Financial institutions are under extreme pressure. New capital is dribbling in at an inflated price and that will hurt profits in the long run. In the short run, I expect write-downs to continue, albeit at a slower pace. Heads have rolled in the financial sector and the new CEOs have aggressively priced down assets so that they are not held responsible for mistakes made by the old regime. This morning, Lehman announced that it is laying off 5% of its workforce and they are battening down the hatches.
When you dissect the Unemployment Report from last Friday, you can see weakness across almost every sector. That was consistent with the Beige Book that was released last week. Eight of the 12 districts reported deteriorating economic conditions. There is a general slowdown across all industries and regions. Consistent with this information, the GDP and durable goods numbers came in weaker than expected.
Panic has hit the street and last week Trim Tabs reported that investors are pulling money out of the equity markets at an unprecedented level. During the month of February, equities had an outflow of $2 billion per day. Last week, CNBC reported that 12 major magazines featured cover stories on the bear market. This is a contrary indicator and it might explain why the market has been able to shoulder all of this horrible news.

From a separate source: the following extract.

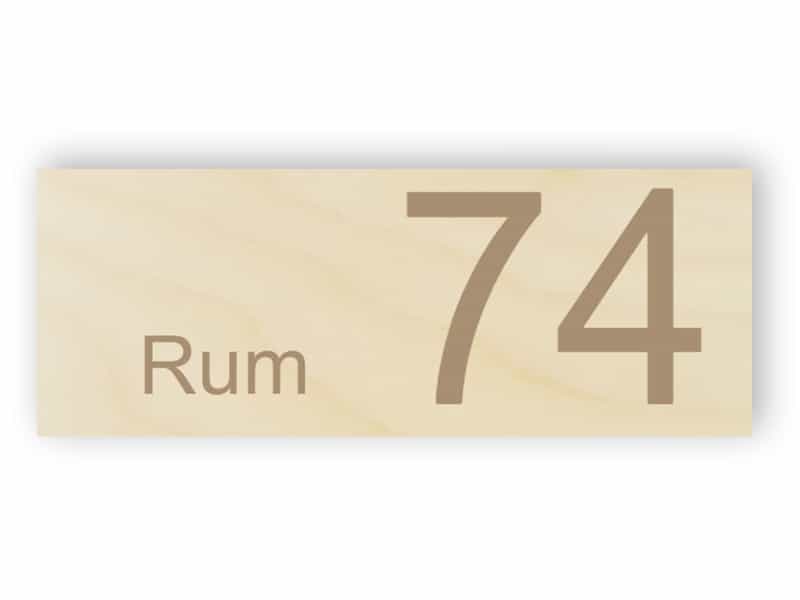 Rumsnummer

On a temporary basis, the market is oversold. We broke through a key horizontal support level at SPY 132. Since then, and the bears have had a tough time landing a knockout punch. If the market retests the SPY 125 level and it finds huge support before we get to that level, we could see a massive short covering rally. Bearish speculators are confident and aggressive. On the other hand, if the bulls are not able to support the market, and we easily test the SPY 125 level, the market is likely to start its next down leg.
On an intermediate basis, we are in a bearish market. As I see it, there are only a few ways to play it. If the market does find a big “bid”, I believe you can get long commodity stocks. Take profits on them when the SPY reaches 138. Your next move will be to short the financials.
If the market drifts lower and it takes out the SPY 125 level, I would short stocks that have been in a very steady downtrend. Go small and look for candidates that have not had many short covering rallies. Publishers are one example of a very weak group. I don’t believe you can get as aggressive on a breakdown because the probability of a massive bear market rally exists. Selling into a rally that loses its momentum is the best play for the next few months.